> What you should do
Print out the entries, word for word.

** Opening Recorded information block **

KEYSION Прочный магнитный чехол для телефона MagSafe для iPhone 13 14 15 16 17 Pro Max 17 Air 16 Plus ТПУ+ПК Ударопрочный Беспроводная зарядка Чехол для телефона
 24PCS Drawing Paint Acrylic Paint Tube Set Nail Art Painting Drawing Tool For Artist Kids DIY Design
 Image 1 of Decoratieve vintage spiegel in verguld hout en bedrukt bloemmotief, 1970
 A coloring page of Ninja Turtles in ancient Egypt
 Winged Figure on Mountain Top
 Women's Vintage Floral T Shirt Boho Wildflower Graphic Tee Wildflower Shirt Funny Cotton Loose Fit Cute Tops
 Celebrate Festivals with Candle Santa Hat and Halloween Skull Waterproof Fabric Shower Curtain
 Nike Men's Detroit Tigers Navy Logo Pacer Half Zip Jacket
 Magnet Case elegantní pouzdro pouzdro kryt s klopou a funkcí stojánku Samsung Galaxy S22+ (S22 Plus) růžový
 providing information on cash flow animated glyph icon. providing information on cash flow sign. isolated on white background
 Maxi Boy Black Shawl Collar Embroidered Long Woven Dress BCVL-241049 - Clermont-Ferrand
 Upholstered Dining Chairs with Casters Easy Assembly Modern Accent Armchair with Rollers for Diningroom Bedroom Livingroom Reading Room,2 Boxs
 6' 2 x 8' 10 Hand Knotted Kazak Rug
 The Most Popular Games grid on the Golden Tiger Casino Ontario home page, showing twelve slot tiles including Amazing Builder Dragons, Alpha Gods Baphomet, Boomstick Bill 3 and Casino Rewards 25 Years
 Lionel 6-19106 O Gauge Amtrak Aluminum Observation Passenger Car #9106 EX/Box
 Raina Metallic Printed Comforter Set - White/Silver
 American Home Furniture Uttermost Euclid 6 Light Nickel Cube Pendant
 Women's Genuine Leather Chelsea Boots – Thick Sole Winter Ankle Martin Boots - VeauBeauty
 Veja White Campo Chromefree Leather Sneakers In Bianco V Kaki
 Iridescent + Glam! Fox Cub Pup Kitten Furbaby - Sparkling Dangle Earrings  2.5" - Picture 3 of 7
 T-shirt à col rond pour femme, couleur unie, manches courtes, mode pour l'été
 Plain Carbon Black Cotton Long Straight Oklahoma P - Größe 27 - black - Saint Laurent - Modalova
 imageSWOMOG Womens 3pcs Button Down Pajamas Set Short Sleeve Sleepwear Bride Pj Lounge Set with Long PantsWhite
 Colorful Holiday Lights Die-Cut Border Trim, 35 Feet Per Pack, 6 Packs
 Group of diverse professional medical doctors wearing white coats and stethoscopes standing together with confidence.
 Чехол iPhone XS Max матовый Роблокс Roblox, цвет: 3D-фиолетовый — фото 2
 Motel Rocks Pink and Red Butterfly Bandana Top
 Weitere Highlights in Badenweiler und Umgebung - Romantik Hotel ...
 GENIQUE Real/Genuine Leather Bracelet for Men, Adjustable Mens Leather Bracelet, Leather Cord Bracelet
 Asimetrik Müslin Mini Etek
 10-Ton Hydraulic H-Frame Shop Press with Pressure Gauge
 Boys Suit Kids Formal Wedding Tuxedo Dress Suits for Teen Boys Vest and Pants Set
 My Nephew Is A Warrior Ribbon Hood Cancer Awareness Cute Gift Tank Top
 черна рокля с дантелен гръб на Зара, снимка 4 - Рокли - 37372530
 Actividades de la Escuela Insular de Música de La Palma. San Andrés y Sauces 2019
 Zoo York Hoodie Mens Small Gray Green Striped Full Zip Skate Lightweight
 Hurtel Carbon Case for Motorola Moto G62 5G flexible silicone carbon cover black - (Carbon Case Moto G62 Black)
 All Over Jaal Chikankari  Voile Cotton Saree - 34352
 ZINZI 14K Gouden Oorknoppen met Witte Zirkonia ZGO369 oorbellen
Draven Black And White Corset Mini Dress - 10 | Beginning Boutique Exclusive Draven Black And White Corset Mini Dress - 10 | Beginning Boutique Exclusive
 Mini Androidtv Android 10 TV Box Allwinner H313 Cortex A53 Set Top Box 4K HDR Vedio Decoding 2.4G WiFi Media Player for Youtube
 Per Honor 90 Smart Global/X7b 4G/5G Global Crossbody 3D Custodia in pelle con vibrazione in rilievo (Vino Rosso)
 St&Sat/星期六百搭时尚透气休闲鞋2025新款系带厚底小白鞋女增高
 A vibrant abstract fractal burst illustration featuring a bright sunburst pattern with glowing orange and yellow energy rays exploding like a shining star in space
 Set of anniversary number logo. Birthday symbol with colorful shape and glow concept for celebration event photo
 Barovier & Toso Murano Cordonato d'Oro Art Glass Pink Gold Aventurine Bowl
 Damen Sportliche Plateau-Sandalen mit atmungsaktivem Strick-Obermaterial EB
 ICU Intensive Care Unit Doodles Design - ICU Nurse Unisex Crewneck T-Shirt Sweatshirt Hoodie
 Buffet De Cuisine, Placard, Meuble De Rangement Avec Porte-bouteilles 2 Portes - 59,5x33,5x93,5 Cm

** Closing Recorded information block **

> Solution to the exercise
KEYSION Прочный магнитный чехол для телефона MagSafe для iPhone 13 14 15 16 17 Pro Max 17 Air 16 Plus ТПУ+ПК Ударопрочный Беспроводная зарядка Чехол для телефона
 24PCS Drawing Paint Acrylic Paint Tube Set Nail Art Painting Drawing Tool For Artist Kids DIY Design
 Image 1 of Decoratieve vintage spiegel in verguld hout en bedrukt bloemmotief, 1970
 A coloring page of Ninja Turtles in ancient Egypt
 Winged Figure on Mountain Top
 Women's Vintage Floral T Shirt Boho Wildflower Graphic Tee Wildflower Shirt Funny Cotton Loose Fit Cute Tops
 Celebrate Festivals with Candle Santa Hat and Halloween Skull Waterproof Fabric Shower Curtain
 Nike Men's Detroit Tigers Navy Logo Pacer Half Zip Jacket
 Magnet Case elegantní pouzdro pouzdro kryt s klopou a funkcí stojánku Samsung Galaxy S22+ (S22 Plus) růžový
 providing information on cash flow animated glyph icon. providing information on cash flow sign. isolated on white background
 Maxi Boy Black Shawl Collar Embroidered Long Woven Dress BCVL-241049 - Clermont-Ferrand
 Upholstered Dining Chairs with Casters Easy Assembly Modern Accent Armchair with Rollers for Diningroom Bedroom Livingroom Reading Room,2 Boxs
 6' 2 x 8' 10 Hand Knotted Kazak Rug
 The Most Popular Games grid on the Golden Tiger Casino Ontario home page, showing twelve slot tiles including Amazing Builder Dragons, Alpha Gods Baphomet, Boomstick Bill 3 and Casino Rewards 25 Years
 Lionel 6-19106 O Gauge Amtrak Aluminum Observation Passenger Car #9106 EX/Box
 Raina Metallic Printed Comforter Set - White/Silver
 American Home Furniture Uttermost Euclid 6 Light Nickel Cube Pendant
 Women's Genuine Leather Chelsea Boots – Thick Sole Winter Ankle Martin Boots - VeauBeauty
 Veja White Campo Chromefree Leather Sneakers In Bianco V Kaki
 Iridescent + Glam! Fox Cub Pup Kitten Furbaby - Sparkling Dangle Earrings  2.5" - Picture 3 of 7
 T-shirt à col rond pour femme, couleur unie, manches courtes, mode pour l'été
 Plain Carbon Black Cotton Long Straight Oklahoma P - Größe 27 - black - Saint Laurent - Modalova
 imageSWOMOG Womens 3pcs Button Down Pajamas Set Short Sleeve Sleepwear Bride Pj Lounge Set with Long PantsWhite
 Colorful Holiday Lights Die-Cut Border Trim, 35 Feet Per Pack, 6 Packs
 Group of diverse professional medical doctors wearing white coats and stethoscopes standing together with confidence.
 Чехол iPhone XS Max матовый Роблокс Roblox, цвет: 3D-фиолетовый — фото 2
 Motel Rocks Pink and Red Butterfly Bandana Top
 Weitere Highlights in Badenweiler und Umgebung - Romantik Hotel ...
 GENIQUE Real/Genuine Leather Bracelet for Men, Adjustable Mens Leather Bracelet, Leather Cord Bracelet
 Asimetrik Müslin Mini Etek
 10-Ton Hydraulic H-Frame Shop Press with Pressure Gauge
 Boys Suit Kids Formal Wedding Tuxedo Dress Suits for Teen Boys Vest and Pants Set
 My Nephew Is A Warrior Ribbon Hood Cancer Awareness Cute Gift Tank Top
 черна рокля с дантелен гръб на Зара, снимка 4 - Рокли - 37372530
 Actividades de la Escuela Insular de Música de La Palma. San Andrés y Sauces 2019
 Zoo York Hoodie Mens Small Gray Green Striped Full Zip Skate Lightweight
 Hurtel Carbon Case for Motorola Moto G62 5G flexible silicone carbon cover black - (Carbon Case Moto G62 Black)
 All Over Jaal Chikankari  Voile Cotton Saree - 34352
 ZINZI 14K Gouden Oorknoppen met Witte Zirkonia ZGO369 oorbellen
Draven Black And White Corset Mini Dress - 10 | Beginning Boutique Exclusive Draven Black And White Corset Mini Dress - 10 | Beginning Boutique Exclusive
 Mini Androidtv Android 10 TV Box Allwinner H313 Cortex A53 Set Top Box 4K HDR Vedio Decoding 2.4G WiFi Media Player for Youtube
 Per Honor 90 Smart Global/X7b 4G/5G Global Crossbody 3D Custodia in pelle con vibrazione in rilievo (Vino Rosso)
 St&Sat/星期六百搭时尚透气休闲鞋2025新款系带厚底小白鞋女增高
 A vibrant abstract fractal burst illustration featuring a bright sunburst pattern with glowing orange and yellow energy rays exploding like a shining star in space
 Set of anniversary number logo. Birthday symbol with colorful shape and glow concept for celebration event photo
 Barovier & Toso Murano Cordonato d'Oro Art Glass Pink Gold Aventurine Bowl
 Damen Sportliche Plateau-Sandalen mit atmungsaktivem Strick-Obermaterial EB
 ICU Intensive Care Unit Doodles Design - ICU Nurse Unisex Crewneck T-Shirt Sweatshirt Hoodie
 Buffet De Cuisine, Placard, Meuble De Rangement Avec Porte-bouteilles 2 Portes - 59,5x33,5x93,5 Cm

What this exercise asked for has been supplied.